O ponto de partida da discussão ainda é um grande truísmo: o Novo Marco Legal do Saneamento editado em 2020 fez o que a legislação anterior de 2007 não havia feito. Incluiu no rol conceitual de saneamento três frentes: a infraestrutura, as instalações e as atividades de “drenagem e manejo das águas pluviais urbanas". Acertadamente, o diploma tratou ainda da necessária sustentabilidade econômico-financeira desses serviços. Noutras palavras: desde 2020, permite-se que o concessionário busque remuneração com a cobrança de drenagem urbana por meio de taxas ou tarifas.
Essa constatação não é trivial. Historicamente, a arrecadação de recursos para custear a drenagem no Brasil ora inexistiu, ora esteve (e segue) associada à cobrança de IPTU - um imposto cuja arrecadação, consideradas as necessidades municipais, nem sempre retorna à origem. A cobrança específica de taxa ou tarifa sobre drenagem contorna o problema. Também traz vantagens. De maneira geral, a mensuração da água das chuvas pode ser tecnicamente mais objetiva do que a mensuração, por exemplo, de resíduos sólidos. Essa diferença dá mais transparência à cobrança. Tanto da tarifa (um preço público) como da taxa (que atende os requisitos de disponibilidade, especificidade e divisibilidade do CTN).

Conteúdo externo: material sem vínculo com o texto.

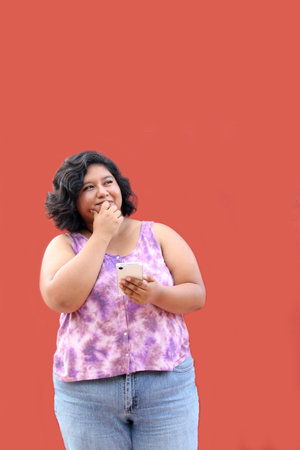 Young 20 year old Latina brunette woman uses her cell phone to send messages, make calls, buy, pay, study and make appointmentsの写真素材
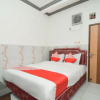 Отель OYO 1480 Villa Dua Putri, фото 7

A viabilidade econômico-financeira efetiva da drenagem, no entanto, não escapa a dois aspectos cruciais. O primeiro diz respeito às particularidades técnicas da macrodrenagem (constituída em larga escala pela drenagem natural de rios e córregos com o acréscimo de redes de canais, diques e piscinões) e da microdrenagem (constituída em menor escala pelas sarjetas, bocas de lobo e galerias, em conexão com a macrodrenagem).
Na macrodrenagem, a cobrança individualizada é dificultada pela escala da infraestrutura. Na microdrenagem, pode ser facilitada. E pode ainda ter seu cálculo baseado na área impermeável de um lote e nas soluções de drenagem que seu proprietário adota com o intuito de mitigar o escoamento de água para o sistema externo de microdrenagem local.
Os modelos americano e canadense, por exemplo, partiram da última premissa. Nos EUA, empresas privadas, as utilities, realizam o serviço e estruturam a cobrança do serviço a partir de uma taxa fixa e de uma taxa vinculada à contribuição de escoamento de cada lote para o sistema de microdrenagem. Há quase duas mil utilities distribuídas pelo país. O Canadá adotou sistema semelhante a partir dos anos 1990, interessado na previsibilidade e estabilidade do fluxo de receitas desse modelo bipartido de taxação.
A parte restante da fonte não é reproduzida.